Washington, 3. "Delusione": è questo il giudizio che giunge dalla Conferenza episcopale degli Stati Uniti in merito alla decisione della Food and Drug Administration (Fda) - l'ente governativo statunitense che si occupa della regolamentazione dei prodotti alimentari e farmaceutici - di liberalizzare la commercializzazione della cosiddetta "pillola del giorno dopo", consentendone l'acquisto da parte delle giovani dai quindici anni in su e senza la prescrizione medica.
In precedenza, invece, le ragazze con meno di diciassette anni di età erano obbligate, per l'acquisto del farmaco, a presentare la ricetta medica. Si tratta di un farmaco contraccettivo "di emergenza" che nel Paese assume il nome di "Plan B".
L'iniziativa della Fda giunge dopo la sentenza di un giudice federale di Brooklyn (nello Stato di New York), Edward Korman, che il 5 aprile scorso aveva stabilito l'obbligo per la Fda di eliminare tutte le restrizioni alla libera vendita. La stessa Fda ha tuttavia reso noto in un comunicato che la sua approvazione non è legata alla sentenza del tribunale, ma a una precisa richiesta della casa farmaceutica produttrice della "Plan B", che aveva dapprima depositato una domanda per la libera vendita, poi l'aveva modificata limitandola appunto alle ragazze di almeno quindici anni di età o superiore.

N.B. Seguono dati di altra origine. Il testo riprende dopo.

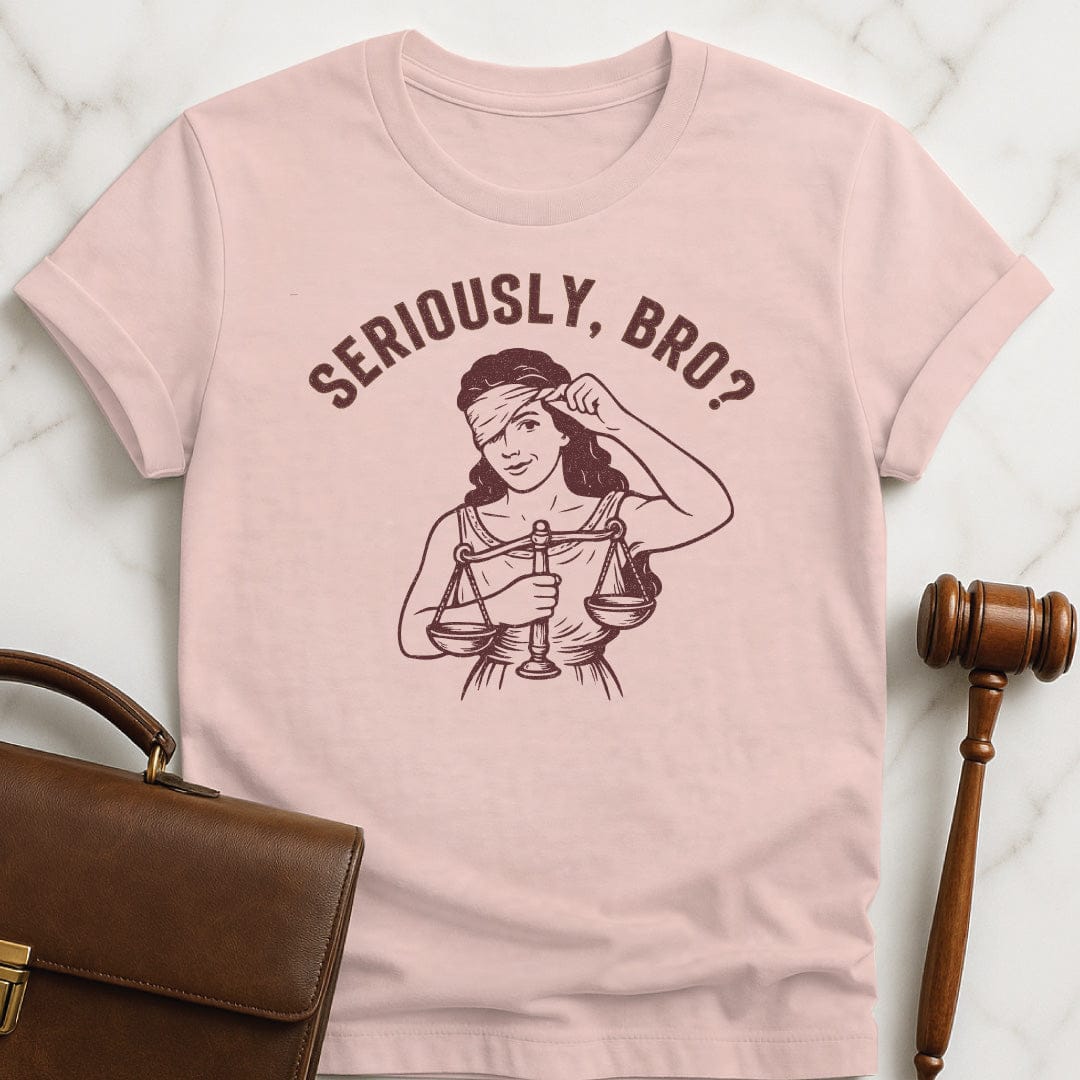 trendy attorney graphic tshirt that says Seriously bro featuring Lady justice smirking in pink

L'amministrazione Obama, che "intende mantenere le restrizioni esistenti" ha comunque annunciato che intende promuovere ricorso contro la sentenza. In una nota di commento, la portavoce del Comitato pro-life dell'episcopato, Deirdre McQuade, ha espresso "delusione", spiegando che la Fda "ha agito in maniera irresponsabile, approvando la libera vendita del potente farmaco alle minorenni".